From time to time, photographs from FKA twigs’ stint as a backup dancer make the rounds on social media. In the early days, when her name recognition was secondary to the likes of Jessie J and Peter Andre, Tahliah Barnett would take to the stage and use her body and talent in service of someone else’s vision. The drama of being visible yet never being fully seen would become an important subtext to her work. Misrecognition from a lover, by the public, from the internet, provided powerful emotional stakes to her songwriting, which she complemented with ultra-tactile music that teased and staggered payoffs that went further than any expected beat.
The most definite proof that she has become an undeniable star in her own right comes tonight, when she tears the house down on her first ever arena date at Madison Square Garden. “Did you truly see me?” the singer whispers from bed in the show opener, Mirrored Heart. The immediate, roaring response is at funny odds with her lament that follows: “No, not this time.” If anything, the evening proves again and again just how intensely she and her audience seem to recognize one another. For one thing, the crowd is styled in her image, in fulfillment of her wish from Home With You to “see a hero like me in a sci-fi”. From blocks away, you can follow the stream of make-do Rick Owens looks and be certain that you are headed toward FKA twigs’ location. Inside the arena, it feels like New York is doing its best approximation of a Berlin nightclub: an orgy of black tank-tops, Lucite pleaser heels and constellations of facial piercings that must be a nightmare for the people running the metal detectors.
FKA twigs is an Olympian of pop performance, an artist who wields her unbelievable physical prowess to illustrate every tricky subtlety of her music. As exciting as it is to see her effortlessly launch into the glitchy, internet-famous choreography of Drums of Death, there were plenty of other moments where the sheer athleticism on display underlines the brilliance of the music. The merciless, side-winding techno of Hard and sultry thump of Sushi are matched with lockstep moves, with twigs and her dancers’ rippling muscles illustrating how to navigate every kink and bend in the beat.
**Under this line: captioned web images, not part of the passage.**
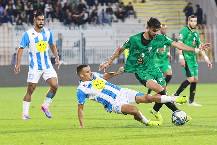 Nhận định, soi kèo USM Khenchela vs El Bayadh, 22h00 ngày 8/5: Chủ nhà thiếu động lực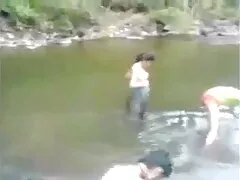 স্বামী ও স্ত্রী চুদাচুদি ফোন আলাপ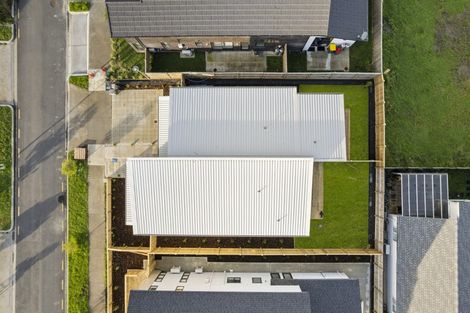 Photo of property in 80b Kahui Parade, Karaka, 2113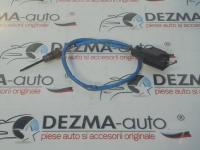 Sonda temperatura gaze 6G91-12B591-DA, Ford Focus 2 cabriolet, 1.6tdci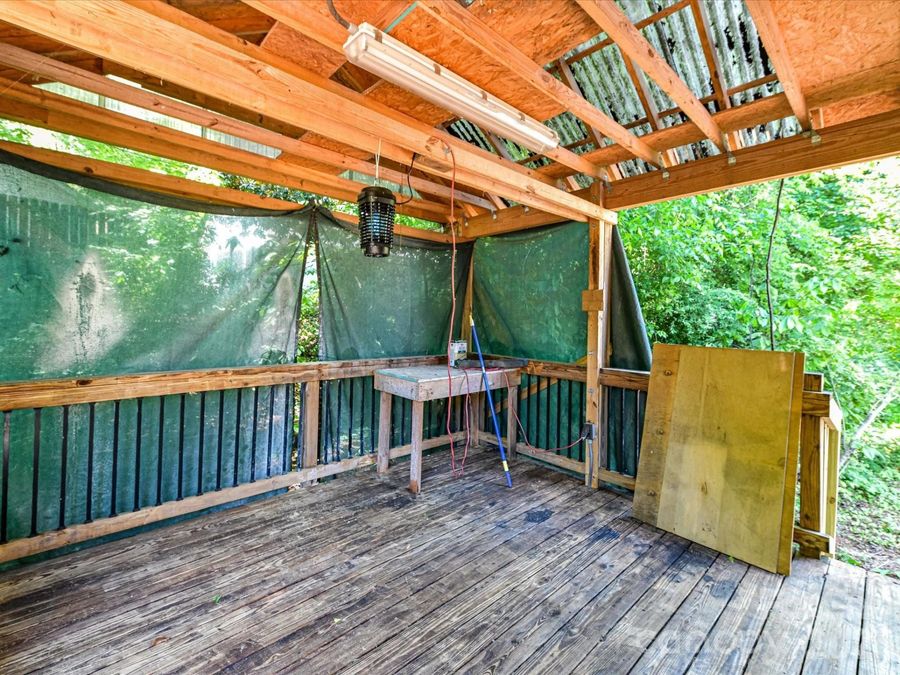 Property Image 46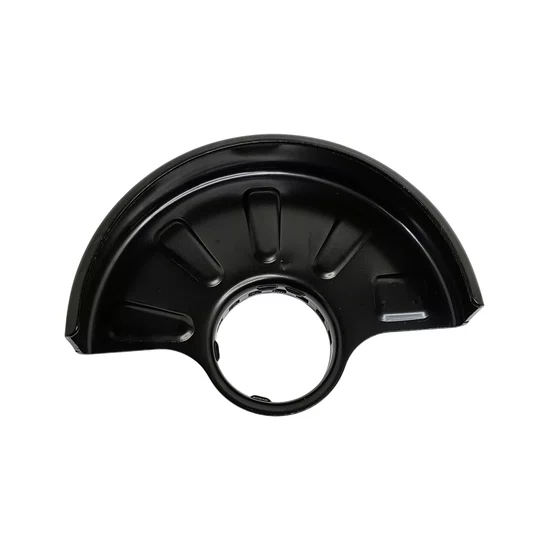Guarda De 125Mm(5") Para Esmerilhadeiras Dewalt - N487789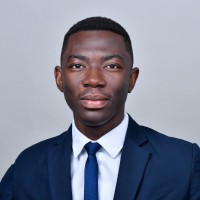 Jean-Martial Munkapé B.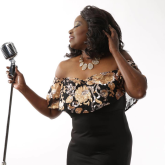 Promenade at Casa Grande Concert Series | Free Live Music and Food Trucks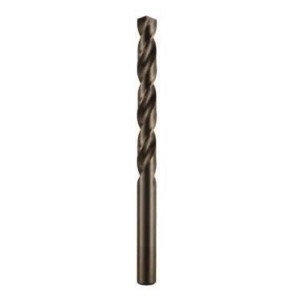 Mũi khoan Inox 3.5x70mm Hss-Co 5% Makita D-16667 (5 mũi)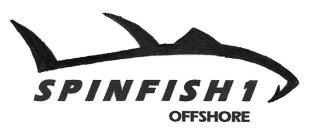 SPINFISH1 OFFSHORE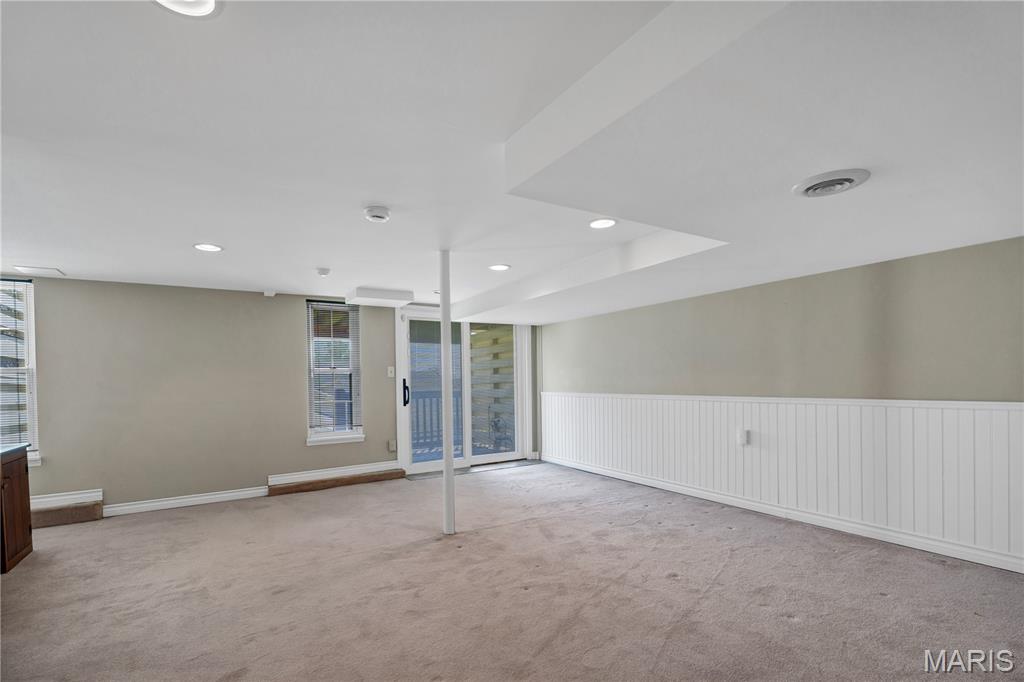 Autumn Lakes Condo - Residential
At the mournful breakdown of Mary Magdalene, twigs seizes up like a statue and allows her dancers to manipulate her body like clay, achieving the kind of gorgeous stillness that’s only possible with iron-clad, acrobatic core strength.
For FKA twigs, eclectic musical taste and diverse performance have long gone hand in hand. An extended segment dedicated to New York’s ballroom scene, showcasing seasoned voguers in their element, is met with ecstatic screaming. Apart from being breathtakingly good-looking, every time you settle on just how remarkable her dancers are they suddenly break out a synth or flute and launch into a gorgeous solo to accompany twigs. The most remarkable moment comes at the end of Nature’s Daughter, when, after pulling out a Chinese sword and quite literally slaying her competition, the singer performs a pole dance duet with the blade still in her hand.
It is enough to surmount my own skepticism. In the past few years, I’ve often felt that FKA twigs’ heavy creative direction has come at the expense of her spontaneity as an artist, gesturing at a vibe rather than inhabiting one – too image-conscious to feel immediate, too fluent in her concept to feel emotionally naked. But then again, I had never seen the full effect of twigs in action.
FKA twigs’ falsetto can be an almost unbearably intimate instrument to listen to, leaping from tender to piercing in a single note. After all these years, 2019’s Cellophane remains the greatest track in her repertoire. The song is a postmortem of romantic failure, a series of naked questions posed to a former lover that yields no response and leaves the punishing silence to speak for itself. At the show’s close, twigs lets the gaps between each of the questions grow longer and heavier in their weight as her voice becomes increasingly shaky with grief. The audience only becomes more animated as she re-creates the song’s video by staging her emotional freefall as an epic pole dance descent. When she finally touches ground it is to thundering applause. She lands with a total, stadium-sized recognition of her brilliance as a performer.